Nelson reprochait au programme néoclassique son manque d’intérêt pour le changement technologique et l’innovation. Les modèles de croissance à fonctions de productions agrégées de type Y = A f(K,L), introduits par Robert Solow en 1956, attribuaient les sources de la croissance à l’accumulation des facteurs travail et capital, responsables d’après les premières estimations de seulement 20 % de la croissance. Les 80 % inexpliqués étaient donc attribués à « A », identifié comme la productivité totale des facteurs (total factor productivity, TFP), sans qu’une signification précise ne soit donnée à ce résidu (Griliches, 1996).

Plusieurs tentatives avaient été faites pour réduire la part de croissance attribuable à ce résidu, en intégrant des mesures qualitatives des facteurs de production. Nelson doutait que ces exercices de comptabilisation des facteurs de la croissance (growth accounting) soient féconds. Selon lui, ce n’était pas l’accumulation de facteurs qui était fondamentalement responsable de la croissance. Ses travaux à la RAND l’avaient convaincu que la croissance était avant tout le résultat d’une hausse de la productivité induite par l’invention et l’innovation. Ces derniers devaient être alors placés au cœur d’un modèle de croissance, plutôt que surajoutés à une mesure de la croissance par l’accumulation des facteurs 222 .

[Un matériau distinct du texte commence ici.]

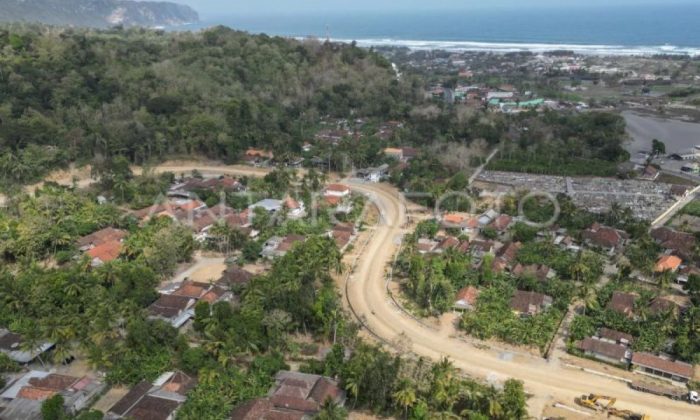 Pemda DIY memastikan ganti rugi JJLS Garongan--Congot dibayar bertahap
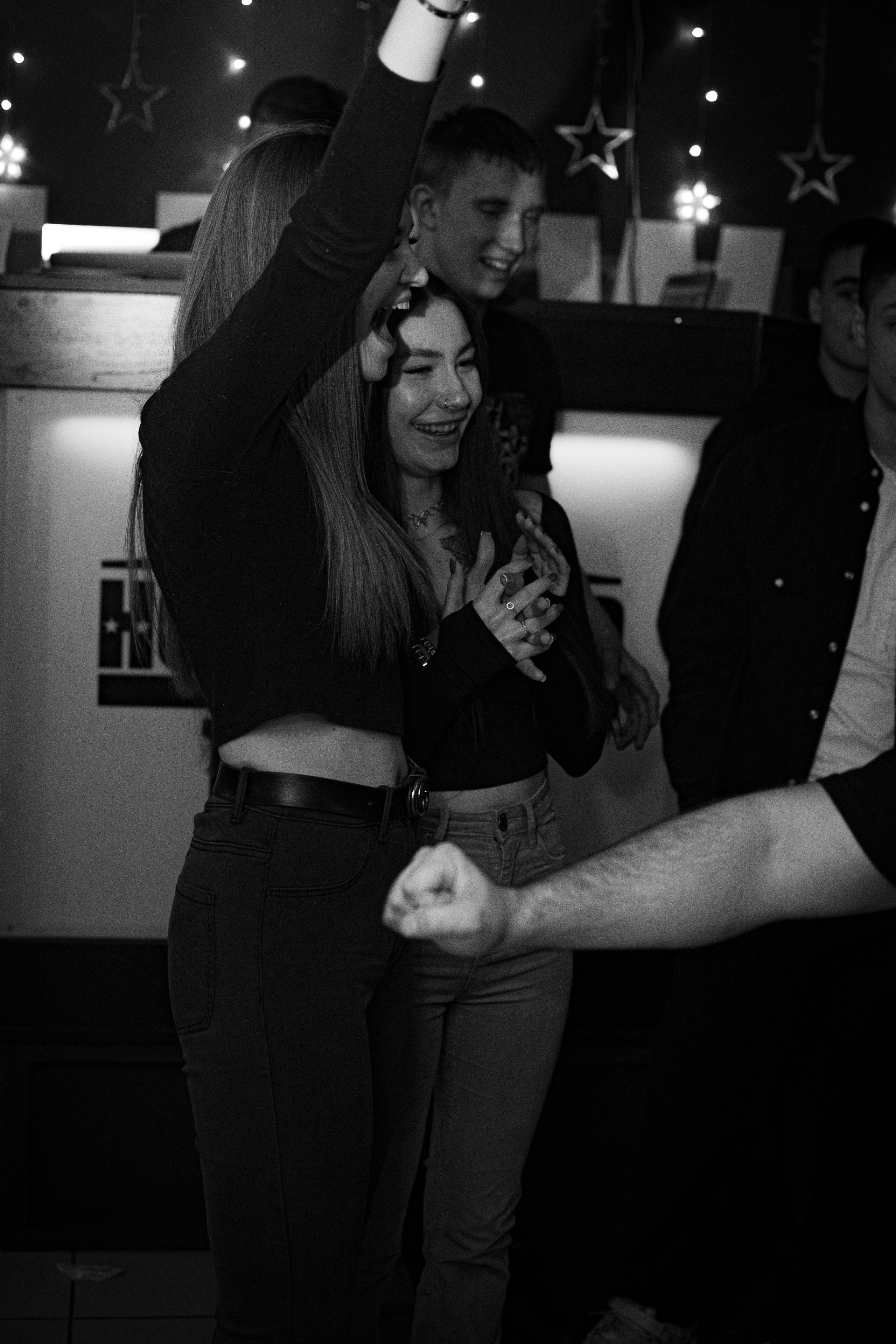 HOLLYWOOD / 6 YEARS. Photokarish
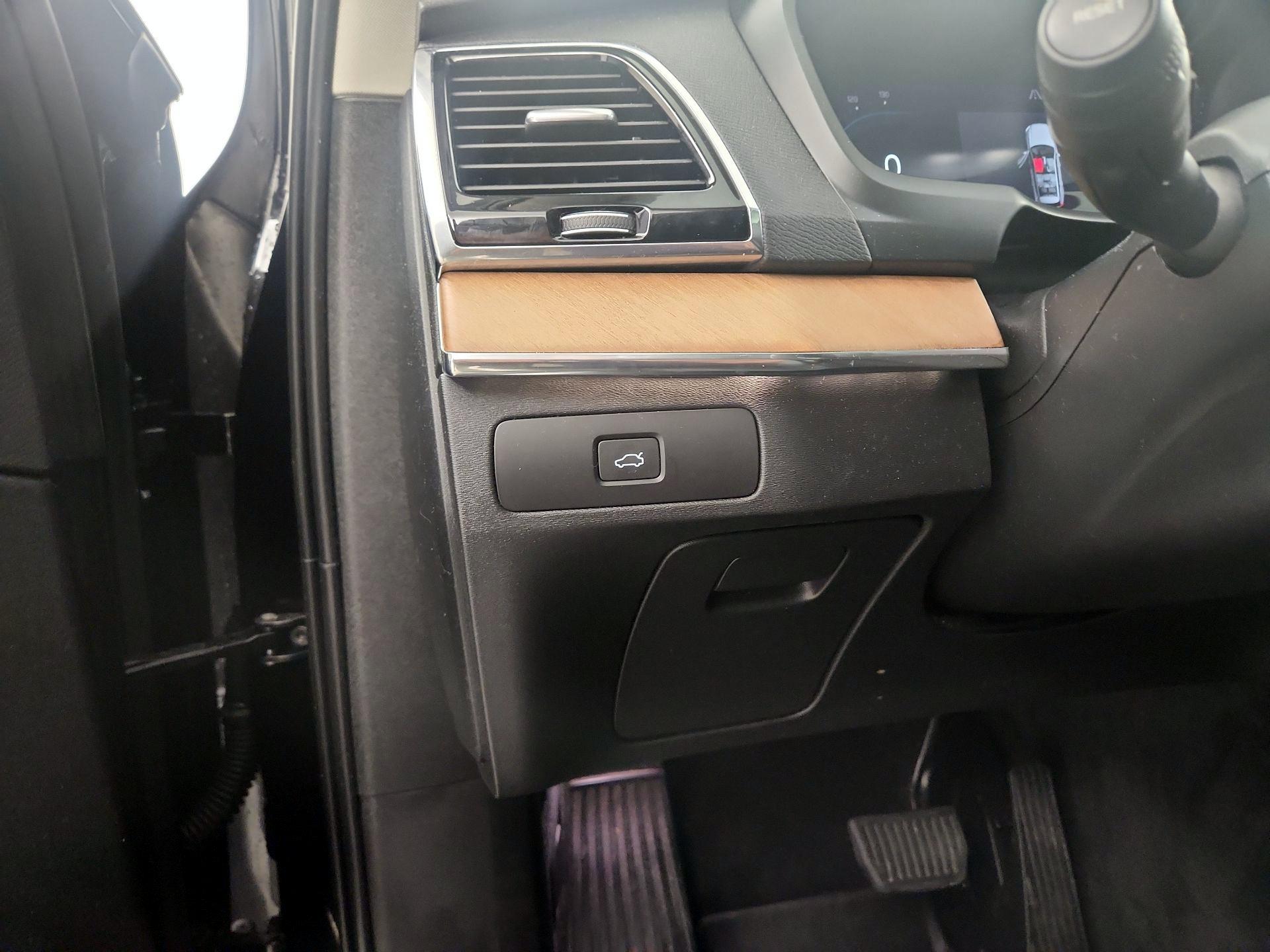 Thumbnail: 2023 Volvo XC90 - 13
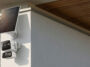Installation de la caméra de sécurité solaire Tapo C675D KIT sur un mur extérieur.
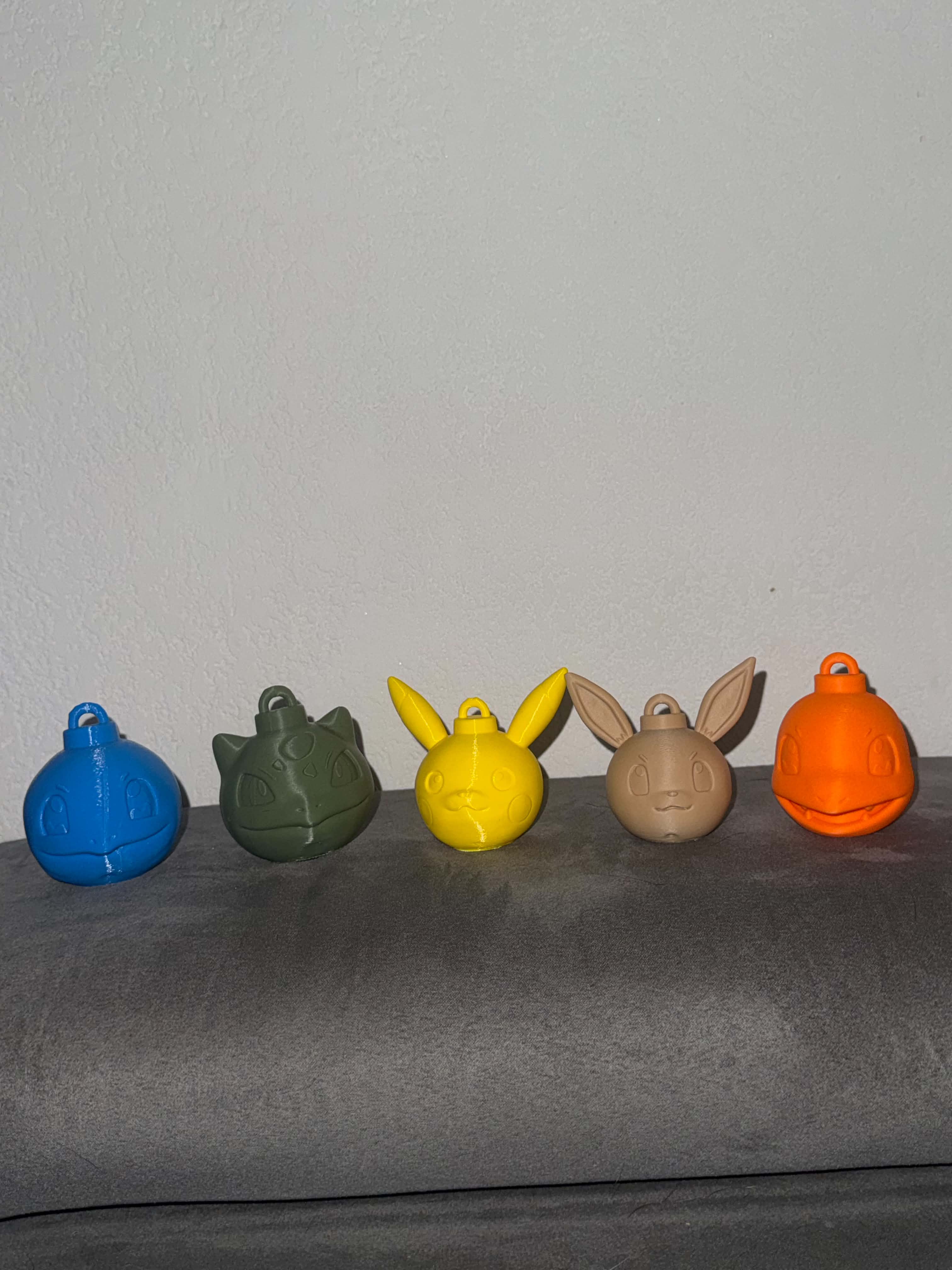 Lot de 5 boules de Noël Pokémon
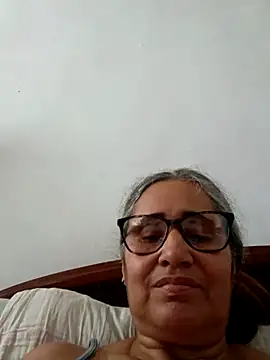 Snapshot of _candi chatting on March 25, 2:12 pm candi online show from March 25, 2:12 pm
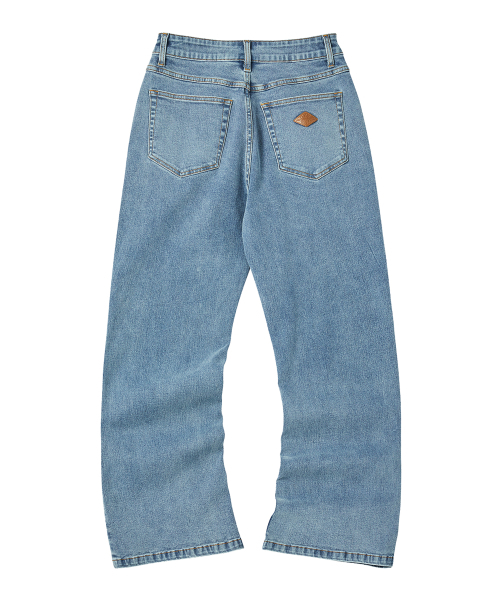 COMONINOZ（コモニノズ）の「W BOOTSCUT PANTS [SKY BLUE]（デニムパンツ・レディース・スカイブルー・MEDIUM/SMALL）」の2枚目の写真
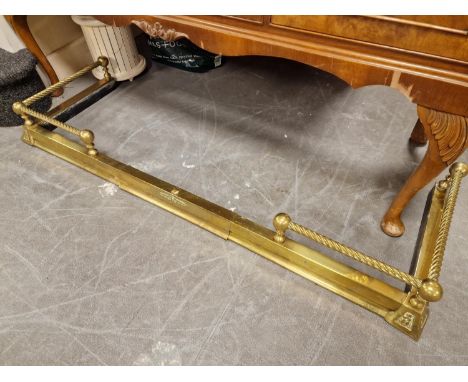 Antique Brass Extendable Fireplace Fender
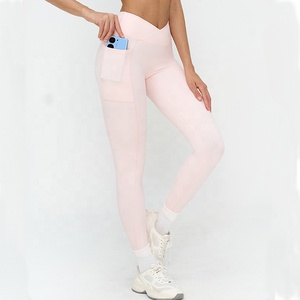 <span class=keywords><strong>Legging</strong></span> de yoga <span class=keywords><strong>sexy</strong></span> et tendance, froncé, uni, effet push-up, vêtement de sport et de gym, taille croisée en V personnalisée, extensible dans les quatre sens pour femme - Product Image 4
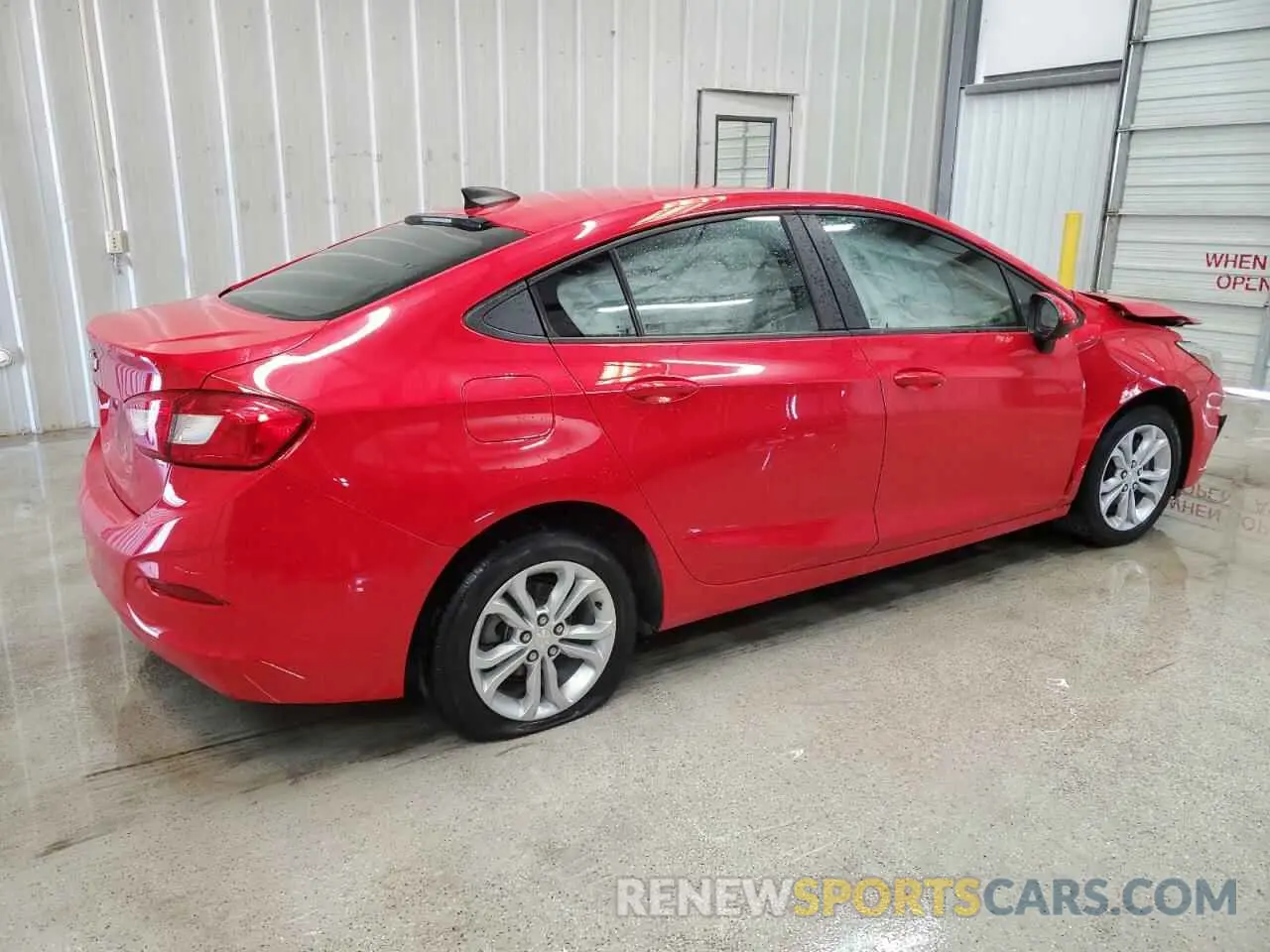 3 fotografías del automóvil dañado 1G1BC5SM8K7135789 CHEVROLET CRUZE 2019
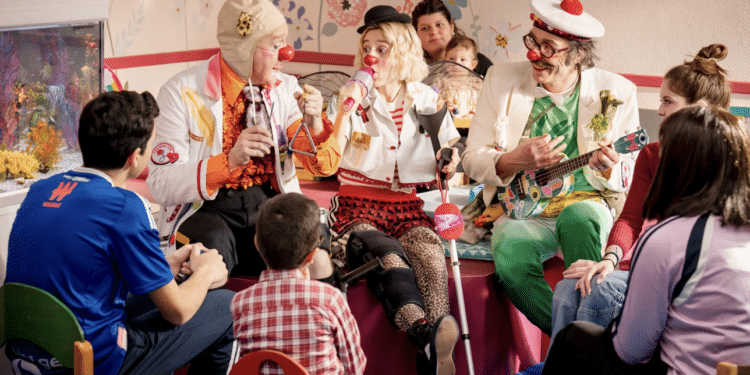 Sur un fil de Reta Kateb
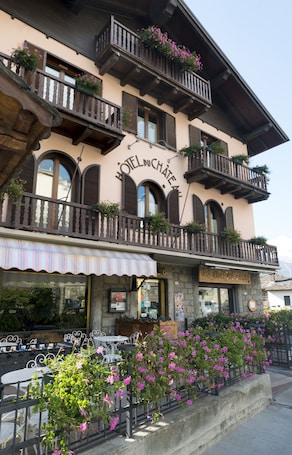 Bar (on property). Chateau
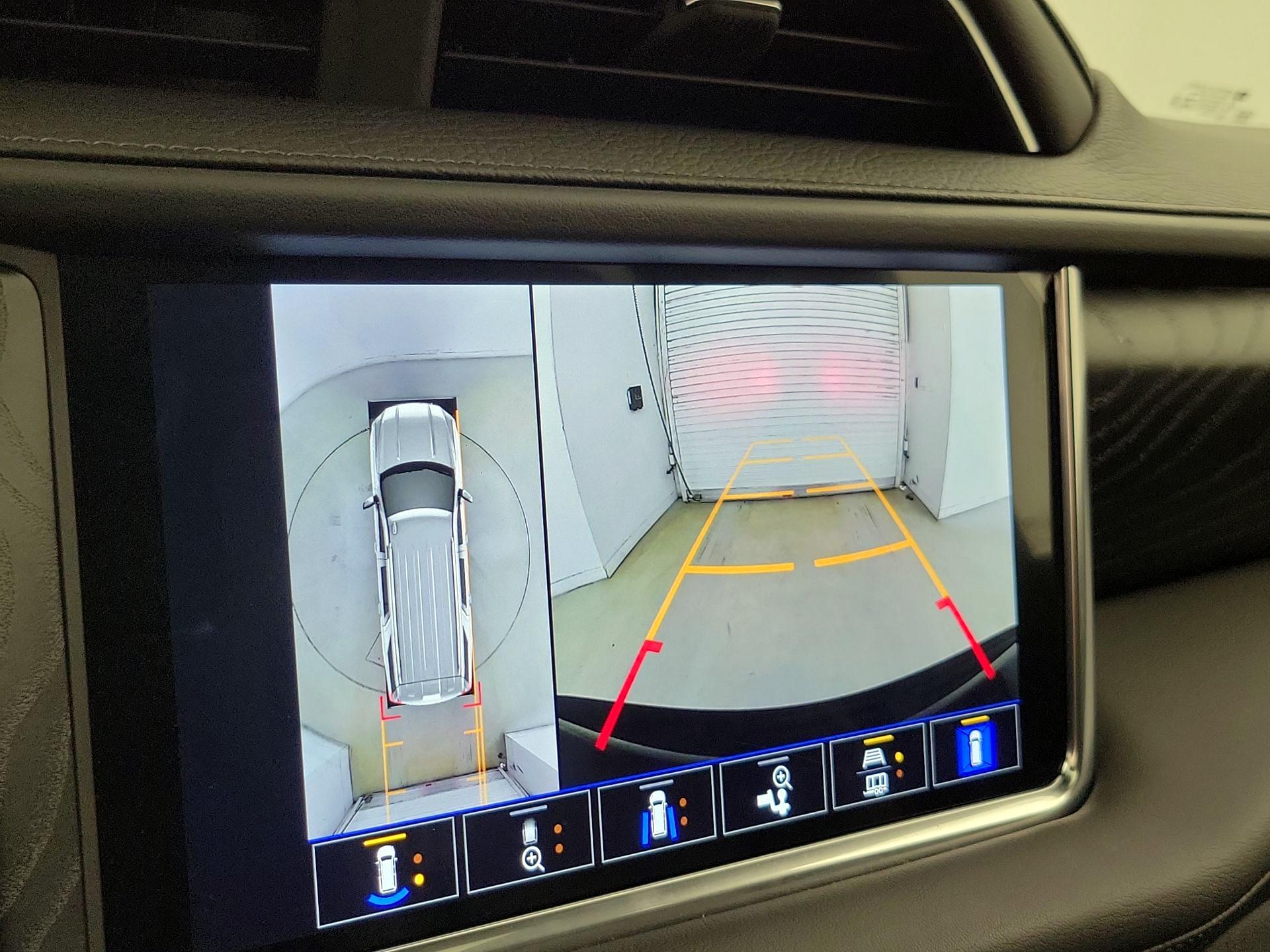 Thumbnail: 2022 GMC Yukon XL - 14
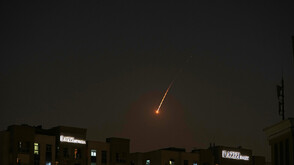 Нови ирански атаки срещу Израел и американски бази в Саудитска Арабия. Техеран остава под обстрел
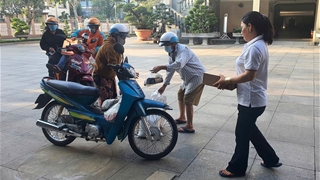 Chia sẻ bác ái, mừng lễ Phục Sinh 2026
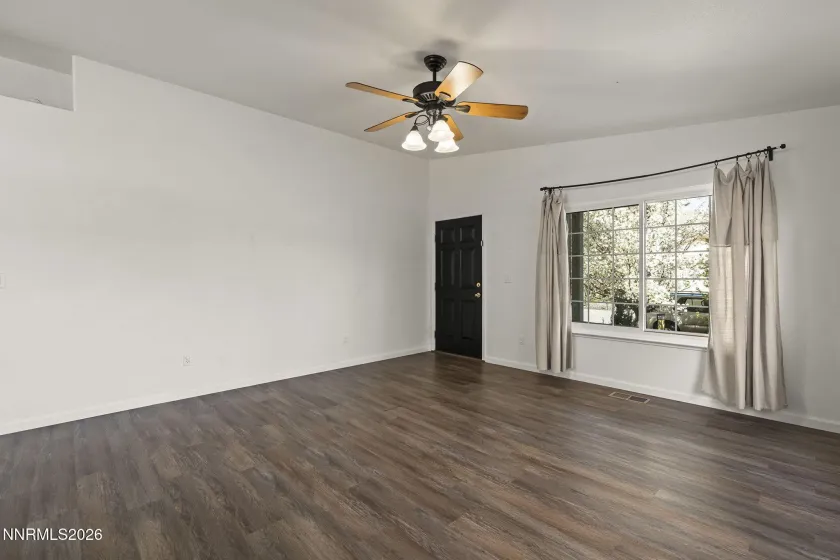 17664 Alexandria, Reno, Nevada 89508, 3 Bedrooms Bedrooms, ,2 BathroomsBathrooms,Residential,Residential,Alexandria,260003411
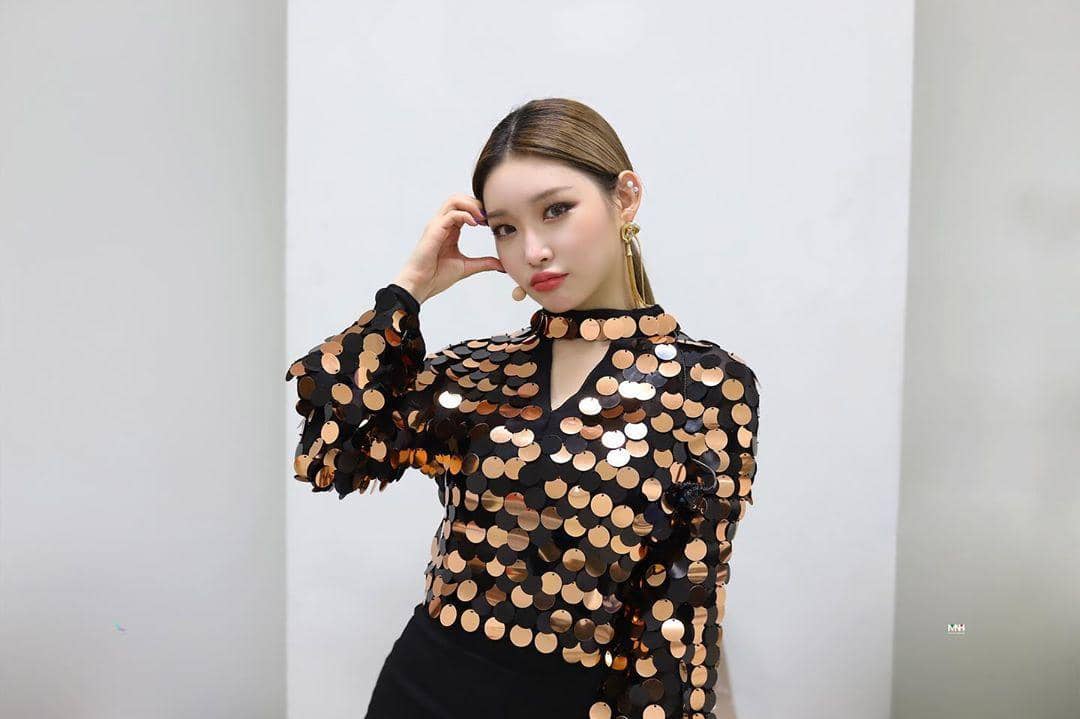 Instagram.com/chungha_official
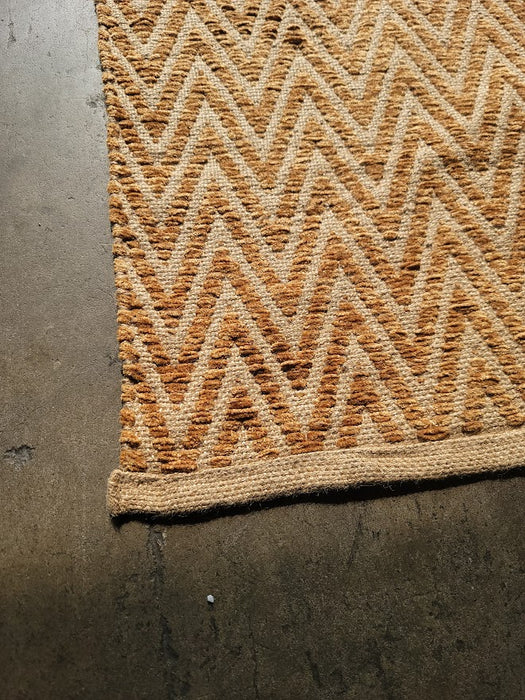 2'6" X 7'6" Tan & Copper Chevron Runner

En 1968, Nelson développa finalement un cadre d’analyse de la croissance alternatif à celui de la fonction de production agrégée néoclassique. L’article (« A ‘diffusion model of international productivity differences in manufacturing industry ») était un des produits de la participation de Nelson à une étude d’économie appliquée pour la RAND 223 . Au contact du terrain, sa vision du processus de croissance s’en était trouvée modifiée :

‘Il y a un article qui […] était très important pour moi ; c’était un article intitulé ‘A diffusion model of international productivity differences’ [Nelson, 1968b]. J’étais impliqué dans une étude du développement économique en Colombie, et pour moi il devint clair que je ne pouvais pas comprendre ce qui se passait si je ne désagrégeais pas [les données] beaucoup. Alors je me plongeais sous la surface, et au sein des industries, il y avait… beaucoup de firmes différentes, avec des niveaux de productivité différents. De nouvelles [firmes] entraient, et de vieilles firmes disparaissaient. En fait, la plupart de l’augmentation de la productivité que l’on observait provenait d’une modification dans la distribution [de la population des firmes], plutôt que de firmes en particulier augmentant leur productivité. Et ce n’était pas la façon dont les modèles de croissance standards traitaient le sujet à l’époque. (Nelson, entretien, 2006) 224 .’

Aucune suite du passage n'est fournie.